La clase media, que había sido empoderada económica y socialmente en el siglo pasado, ha sido testigo en los últimos años de la descapitalización de su estatus y de la pérdida de condiciones laborales y derechos civiles, anteriormente dados por hecho como garantía del estado del bienestar. Estas democracias burguesas se han ido transformando en dispositivos para la regulación neoliberal de los estados cuyo objetivo principal es debilitar el control de la democracia representativa y colocar en su lugar una teoría del mercado que produce inmediatamente la separación entre la economía, nunca más en relación con los proyectos nacionales, y la política, dominada ahora por las rivalidades entre corporaciones supranacionales. En esta situación de desapego entre los diferentes sectores sociales y de divorcio entre la ciudadanía y la política, las directrices que se van instaurando se asientan en el pensamiento individualista que aborrece la colectividad y el sentimiento comunitario imprescindible para el bienestar social, de manera que se construye una idea de insolidaridad y desarraigo tan expandida que finalmente afecta a los idearios democráticos mencionados anteriormente.

En este estado de cosas, el ataque a las diferentes ideologías inclusivas de fases históricas previas a este debilitamiento democrático siempre gira en torno a la hegemonía supremacista que tiene conexiones claras con la masculinidad patriarcal, heroica y nacionalista que parece haber tomado la bandera de estos tiempos. Fenómenos como el antifeminismo, la LGTBIfobia, el racismo, el españolismo, o el nacionalcatolicismo, no solo generan un conflicto social interesado y polarizado sino que de alguna manera está asentando la idea del macho como especie que no debe extinguirse en esta sociedad que la izquierda ha transformado en caos. Si desde los 80 los sociólogos y antropólogos advertían sobre la masculinidad tóxica que negaba todo cruce con lo femenino, en estos momentos de la historia esta amenaza se ha personificado en los gobernantes, los representantes y los afines a regímenes ultraconservadores.

La descompasicion de las democracias occidentales y el retorno de la masculinidad hegemonica
Fotografía: Jesús Massó

La guerra, la competición, y el poder absoluto ha vuelto de nuevo a componer los discursos políticos que menosprecian a todos los que se quedan al margen (mujeres, lesbianas, gays, inmigrantes, pobres, discapacitados, alternativos), por su propia condición de caer en el otro lado de esta hegemonía.

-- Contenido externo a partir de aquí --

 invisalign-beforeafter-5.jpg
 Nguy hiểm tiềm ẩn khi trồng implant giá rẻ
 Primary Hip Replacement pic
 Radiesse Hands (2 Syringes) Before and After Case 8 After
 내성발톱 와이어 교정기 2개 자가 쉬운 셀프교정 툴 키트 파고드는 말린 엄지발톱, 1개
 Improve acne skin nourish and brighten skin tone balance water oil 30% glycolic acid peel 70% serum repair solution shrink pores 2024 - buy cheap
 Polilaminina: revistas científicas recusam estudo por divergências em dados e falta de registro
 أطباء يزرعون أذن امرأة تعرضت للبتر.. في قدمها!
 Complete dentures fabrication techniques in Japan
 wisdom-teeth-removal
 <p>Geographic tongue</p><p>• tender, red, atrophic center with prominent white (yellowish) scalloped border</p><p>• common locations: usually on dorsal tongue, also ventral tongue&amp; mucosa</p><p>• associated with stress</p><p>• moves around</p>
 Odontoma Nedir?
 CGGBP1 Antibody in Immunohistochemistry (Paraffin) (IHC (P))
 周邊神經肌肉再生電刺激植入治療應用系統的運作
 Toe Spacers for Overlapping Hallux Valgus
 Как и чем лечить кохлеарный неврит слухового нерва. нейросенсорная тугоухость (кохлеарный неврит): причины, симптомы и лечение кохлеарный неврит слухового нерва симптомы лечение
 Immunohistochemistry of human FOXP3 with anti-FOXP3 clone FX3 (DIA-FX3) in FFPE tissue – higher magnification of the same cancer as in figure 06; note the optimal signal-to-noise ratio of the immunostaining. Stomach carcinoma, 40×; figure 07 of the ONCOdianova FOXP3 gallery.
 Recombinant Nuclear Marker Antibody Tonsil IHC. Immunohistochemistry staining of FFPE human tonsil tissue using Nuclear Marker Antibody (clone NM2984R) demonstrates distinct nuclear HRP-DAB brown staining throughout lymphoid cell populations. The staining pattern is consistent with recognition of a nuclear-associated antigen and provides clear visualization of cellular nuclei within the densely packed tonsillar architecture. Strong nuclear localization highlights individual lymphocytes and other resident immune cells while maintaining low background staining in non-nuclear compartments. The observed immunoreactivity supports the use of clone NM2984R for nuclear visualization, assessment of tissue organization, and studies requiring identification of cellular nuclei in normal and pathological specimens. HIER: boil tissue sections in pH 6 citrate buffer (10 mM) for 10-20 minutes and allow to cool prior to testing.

Y en este estado de cosas, la ciudadanía, la que no tiene poder económico ni político y que en cualquier momento puede ser despreciada por el régimen ultra como presunto objeto de conflicto, se encuentra sola y desarbolada ante la clase política, que no lo mira ni lo atiende, impotente ante las instituciones que antes ofrecían una sensación de protección y ahora la maltrata y la empobrecen. No es difícil entender que, obrando en consecuencia, esta ciudadanía desconcertada y pobre desconfíe del estado en general, y de la democracia en particular. Dicen algunos expertos (John Weeks, Economía del 1%: Cómo la economía dominante sirve a los ricos, oscurece la realidad y distorsiona la política, 2014, Anthem Press) que la actual marea autoritaria en Europa y Estados Unidos viene de los excesos generados por la competencia capitalista, desatada y justificada no por el fascismo sino por el neoliberalismo, que tiene visos de sentido democrático por la idea del ‘libre mercado’ que tendría forzosamente que formar a ciudadanos/as libres. Sin embargo, la libertad en este discurso ha perdido todo sentido relacionado con el bien común de las sociedades y, tal como demuestra en el ensayo, el capital, como gobernador absolutista totalmente divorciado de los gobiernos nacionales, ha alimentado las dictaduras políticas abiertamente autoritarias, sin disfrazarse de adornos democráticos y simbolizadas por la heroicidad guerrera, cruel y demoledora de la masculinidad tóxica de la que ya muchos líderes políticos ni se avergüenzan sino que la cacarean mientras miles de pobres los enaltecen. Un mundo distópico con todas sus letras.